Nvidia is again accused of collecting AI data from Netflix and YouTube

According to a report that is receiving a lot of attention from 404 Media.

This conclusion was made after 404 Media collected information leaked from Nvidia's internal conversations on Slack, emails and internal documents. Nvidia has helped itself to "a visual experience equivalent to a lifetime of training data every day," said Ming-Yu Liu, vice president of research at Nvidia and project lead for the Cosmos project. admitted in an email in May. This Cosmos project aims to build a large foundational language model for Nvidia, similar to Google's Gemini 1.5, OpenAI GPT-4 or Llama 3.1 projects. Meta.

Anonymous former Nvidia employees told 404 Media that they were asked to scrape video content from Netflix, YouTube and other major online sources, turning them into training data for use with AI products. company differences.

To accomplish this, the Cosmos project is said to have used an open source video downloader and used machine learning to handle IP, thus avoiding YouTube's blocking efforts. According to leaked information, project managers have discussed using up to 30 virtual machines running on Amazon Web Services to download the equivalent of about 80 years of video, along with countless individual clips each time. day. When these employees questioned the legality of the Cosmos project, the company's leadership assured them that they had received permission from their partners to use the content.
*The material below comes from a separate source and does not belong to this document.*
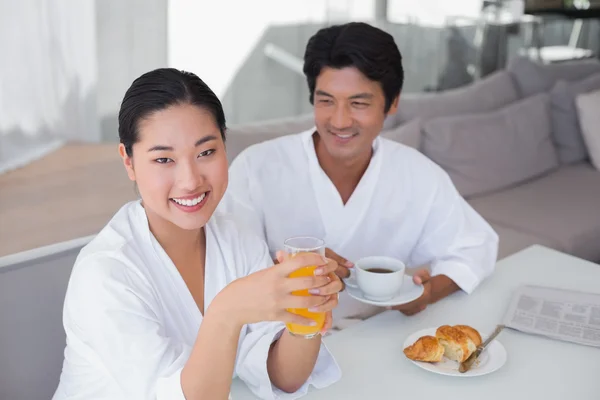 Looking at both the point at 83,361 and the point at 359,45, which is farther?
the point at 359,45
images 1 of Nvidia is again accused of collecting AI data from Netflix and YouTube

For its part, Nvidia claims there was no wrongdoing. " We respect the rights of all content creators and believe that our models and research efforts fully comply with the letter and spirit of copyright law, " said a statement. An Nvidia employee told 404 Media via email. " Copyright law protects particular expressions but not facts, ideas, data or information. Anyone has the right to freely learn about facts, ideas, data or information from another source and use them to create their own expressions. Fair use also protects the ability to use a work for transformative purposes, such as training an AI model .

This is not the first time Nvidia (not to mention most of the rest of the companies in the AI field) has adopted a "pay it forward" approach in collecting its AI training data. In July, Nvidia was also called out in another report for illegally collecting copyrighted videos as AI training data.

At CES 2024, Nvidia caused controversy with vague answers about how it trains its new generative AI engine for games. In response, the company reaffirmed that its tools are "commercially safe." But what is the truth? Let's wait and see!